Panter I Der Bund erschwert syrischen Geflüchteten die Rettung ihrer Familien. Da- gegen leisten die Flüchtlingspaten Syrien e. V. aktiv Widerstand: Ein Projekt, das allen Glück bringt
von Mareike Barmeyer
Wir bringen Familien zusammen“, sagt Martin Keune, Vorstandsvorsitzender des Flüchtlingspaten Syrien e. V. Er sitzt vor einer Karte Syriens im Büro des Vereins in Berlin. Neben ihm steht ein so oranges wie durchgesessenes Sofa, das nicht ganz zum eleganten Aussehen Keunes passen will.

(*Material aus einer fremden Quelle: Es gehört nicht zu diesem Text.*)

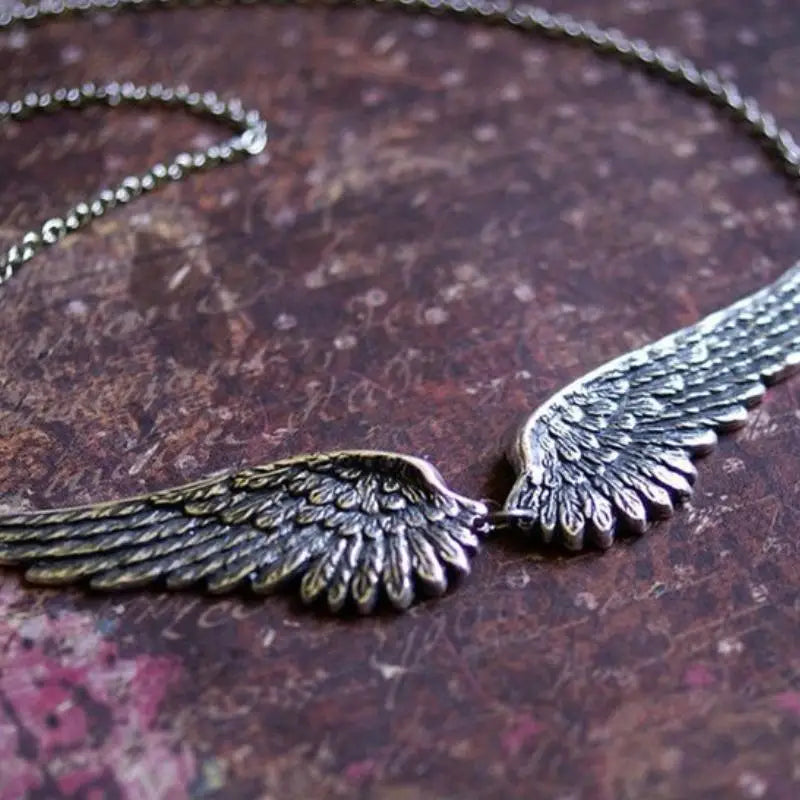 Vintage Silver Angel Wings Feather Choker Pendant Necklace Choker Necklace Axl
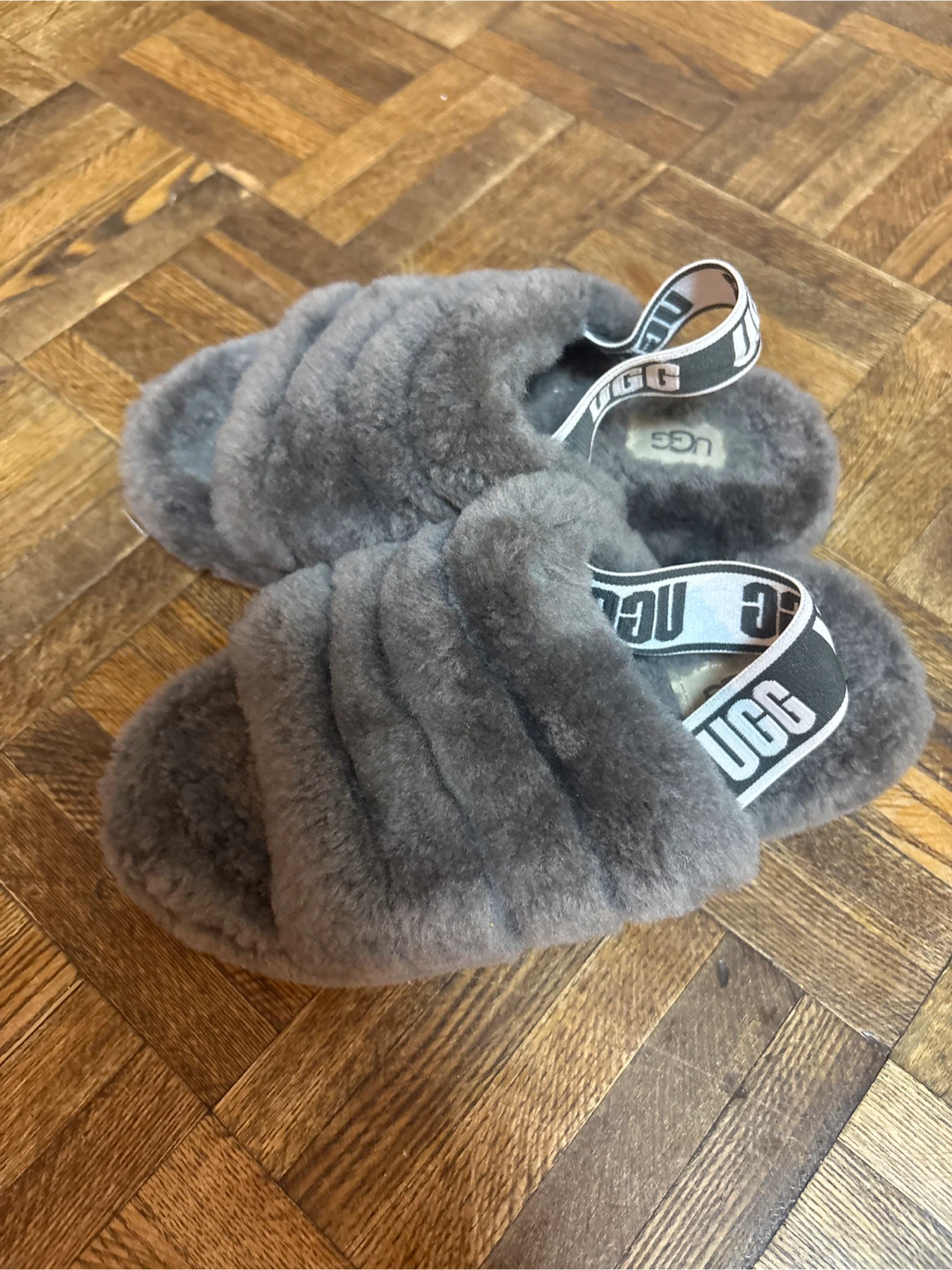 UGG Grey Fuzzy Slides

Gleichwohl: Der Verein hat sich im März 2015 in einer bis dahin kaum bekannten Nische der Flüchtlingshilfe gegründet: Er unterstützt syrische Flüchtlinge finanziell, logistisch und durch Verpflichtungserklärungen. Der Familiennachzug von Syrien nach Deutschland ist schwer geworden, weil er an den Flüchtlingsstatus gebunden ist, den allerdings immer weniger der nach Deutschland geflüchteten Syrer bekommen. „Sie haben keine Möglichkeit mehr, ihre Angehörigen herzuholen“, erklärt Keune. „Es sei denn auf unserem Weg über eine Bürgschaft.“
Eine nicht ganz unkomplizierte Geschichte: Die Person, die ihre Familienmitglieder nach Deutschland holen will, die sogenannte Referenzgeber*in, muss seit einem Jahr in Deutschland gemeldet sein. Nicht irgendwo in Deutschland, sondern in einem von fünf Bundesländer. Zwei Jahre nach der sogenannten Flüchtlingswelle gibt es von den dreizehn Landesaufnahmeprogrammen, die in allen Bundesländern – bis auf Bayern – existierten, nur noch fünf. Lediglich in Berlin, Brandenburg, Hamburg, Schleswig-Holstein und Thüringen besteht noch die Möglichkeit, mit Bürgschaften Angehörige syrischer Flüchtlinge herzuholen.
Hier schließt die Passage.